Oil and Gold Move Lower with Equities

U.S. 10-year Treasury bond prices were basically
unchanged today, after reaching monthly highs last week on a global equities
selloff. Bond prices usually move up on economic strength and down on
weakness; last week’s global meltdown pushed bonds to their highest levels since
early December, a sign of relative economic weakness. Bonds have been
moving steadily higher since the end of January, when a number of key economic
indicators, including housing and manufacturing, turned negative. Housing
should remain a key focus for traders moving towards the end of Q1.

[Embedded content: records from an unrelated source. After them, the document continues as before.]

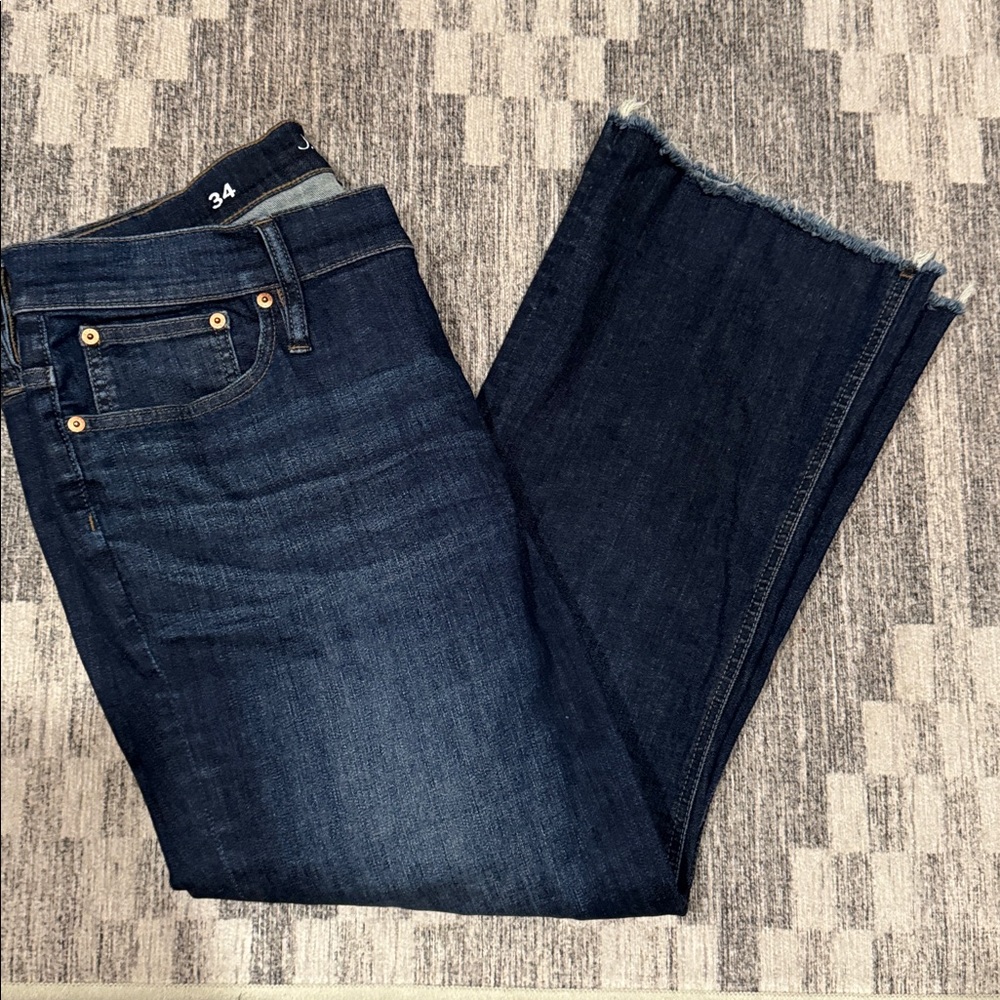 J. Crew Dark Worn Wash, Button-Fly, Demi-Boot Crop, High Rise Jean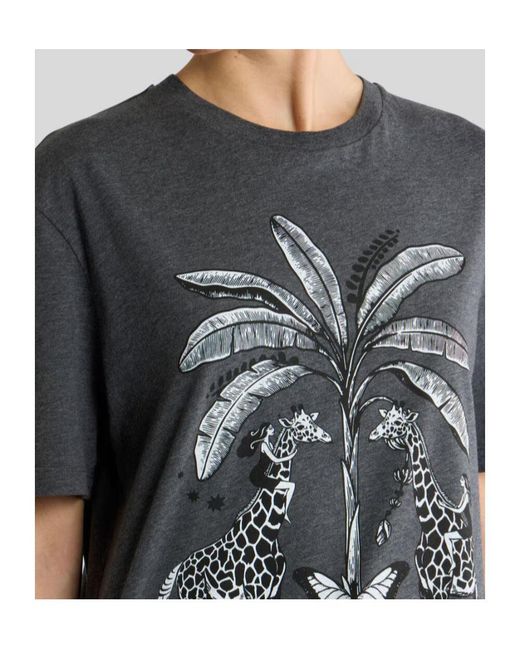 Etro Black Cotton Jersey T-Shirt With Placed Giraffe Print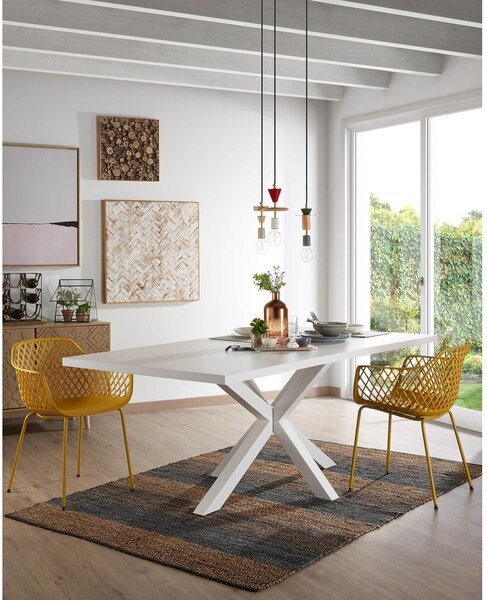 Biely jedálenský stôl Kave Home Arya, 160 x 100 cm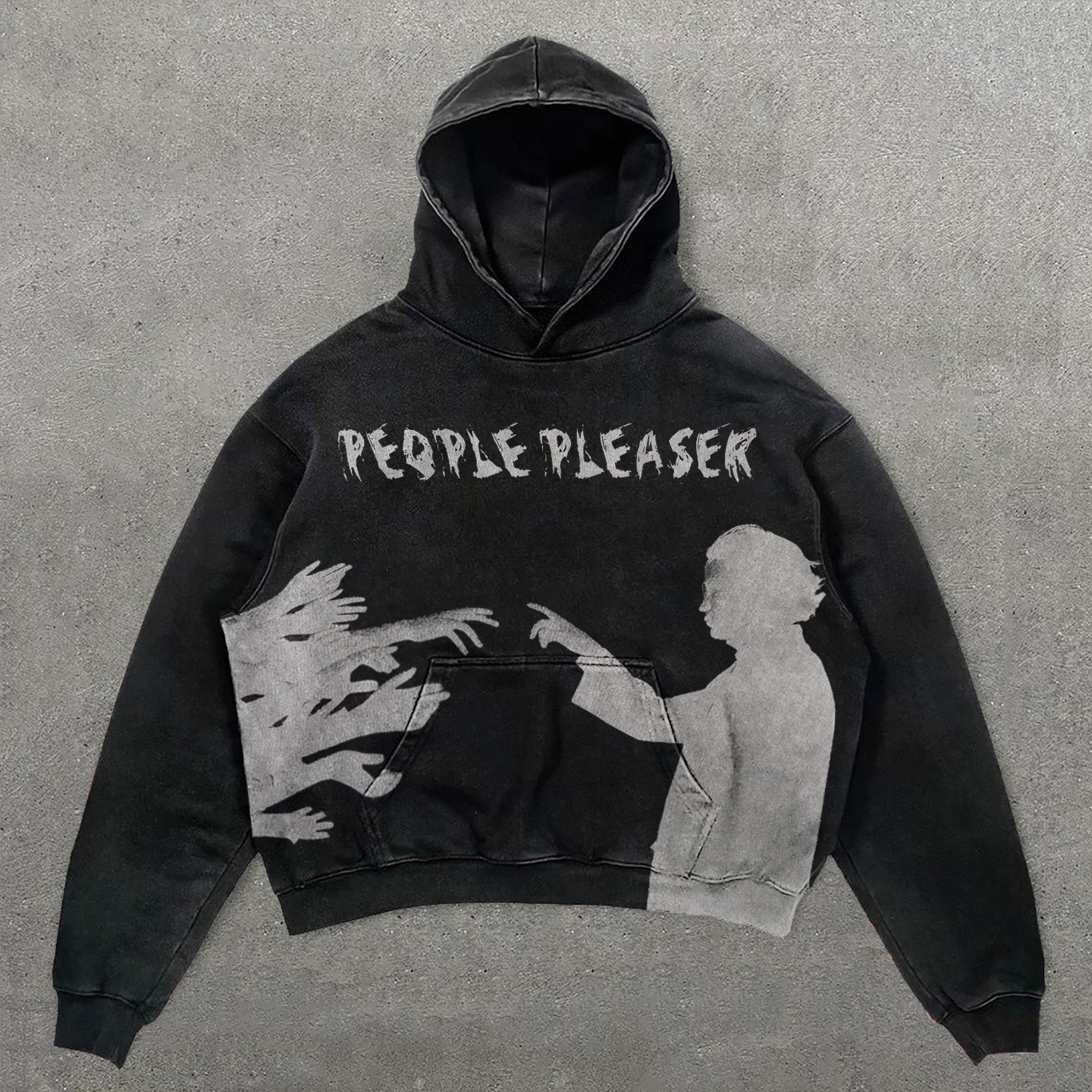 People Pleaser Print Long Sleeve Hoodie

The yen pushed to 3-month highs against the
dollar and the euro today, as carry trades continue to unwind in the global
marketplace. A recent selloff in the global equities market has spurned a
massive unloading of carry trades, in which an investor borrows yen cheaply to
purchase more profitable assets in other markets. The yen had reached
record lows against the euro and yearly lows against the dollar before last
week’s slide led investors to reduce risk by exiting their carry trades.
The yen’s move could be seen as a snap-back against extended oversold

Crude oil fell about 1.5%, on general sentiments
that major weakness in the equities markets will equate to less demand for fuel
consumptions. Despite the slide last week, crude managed to hold above $60
a barrel, which is a crucial level just broken 2 weeks before on diminishing
supplies. Investors felt that with instability in the global equities
market, there will be less demand for heating and other fuel supplies.
Natural gas was up fractionally, after falling over 7% last week.

Gold futures fell over 0.5% today, on continued
weakness stemming from a global equities slide. Investors sold the metal
to protect against losses in the equity markets; gold is also used as a market
proxy, so major weakness in the global markets also contributed to gold’s move
lower today. Copper fell about 0.3%.

Grains traded mixed today. Corn rose 1.6%,
wheat rose 1.3% and soybeans fell about 0.4%.


The ISM index fell
to 54.3 in February, the slowest rate of growth in nearly 4 years.